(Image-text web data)

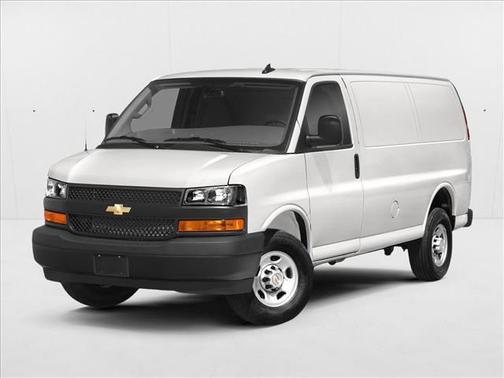 2024 Chevrolet Express 2500 RWD 2500 Regular Wheelbase WT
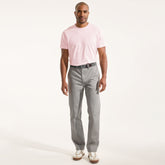 Men's Travel Kit Comfort Waist Classic Fit Chino Pant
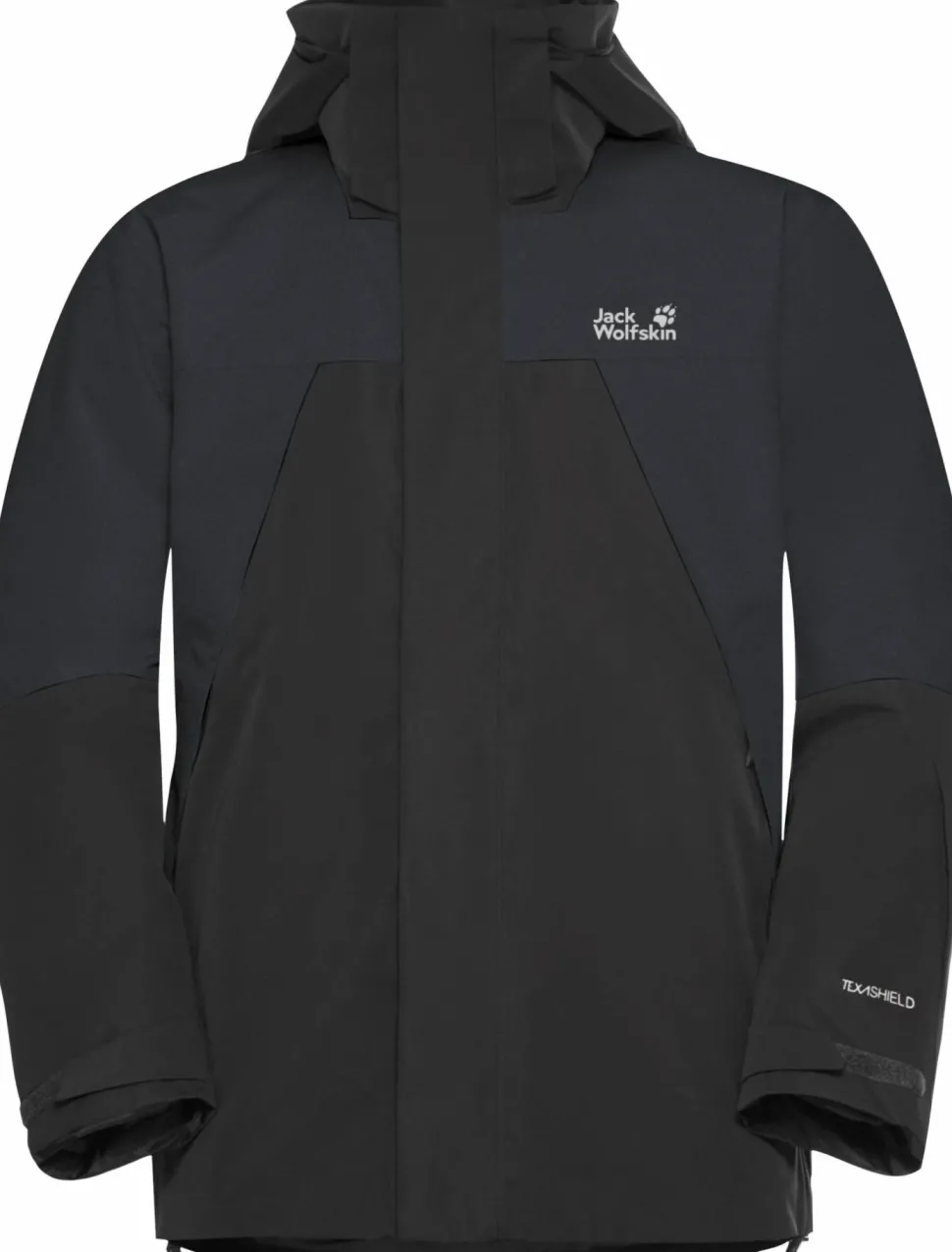 Jack Wolfskin Men's Flowline 2l Ins Jacket Phantom
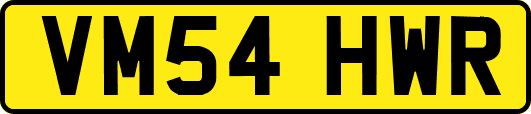 VM54HWR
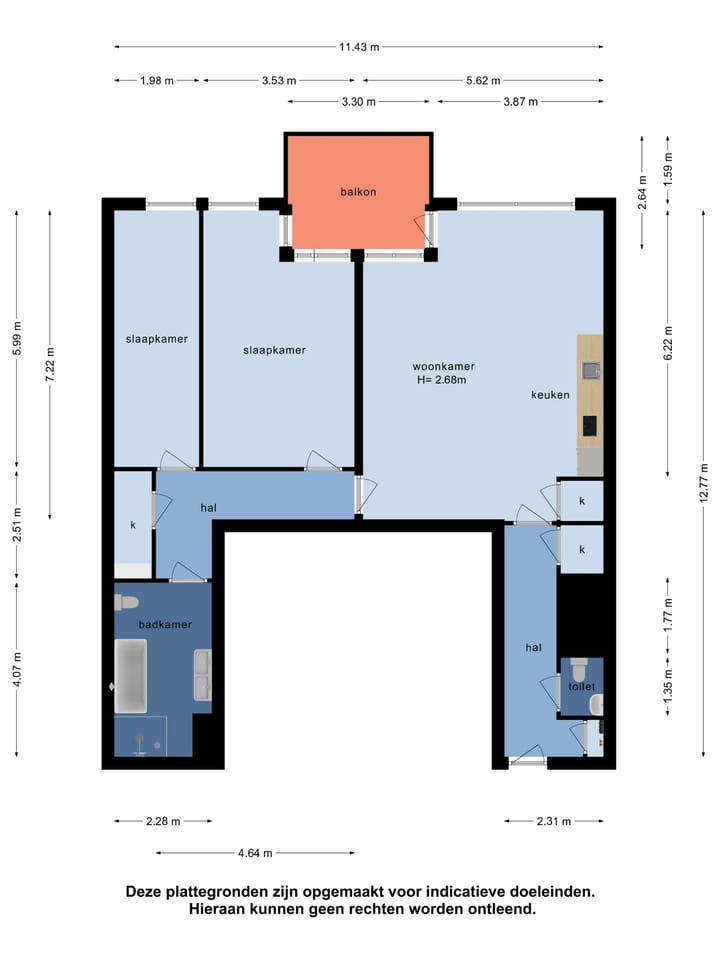 Foto 50 van De Bosuil 52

**PROMPT**
Skipping the pictures, output the entries exactly as they appear above.

**RESPONSE BELOW**
 2024 Chevrolet Express 2500 RWD 2500 Regular Wheelbase WT
 Men's Travel Kit Comfort Waist Classic Fit Chino Pant
 Jack Wolfskin Men's Flowline 2l Ins Jacket Phantom
 VM54HWR
 Foto 50 van De Bosuil 52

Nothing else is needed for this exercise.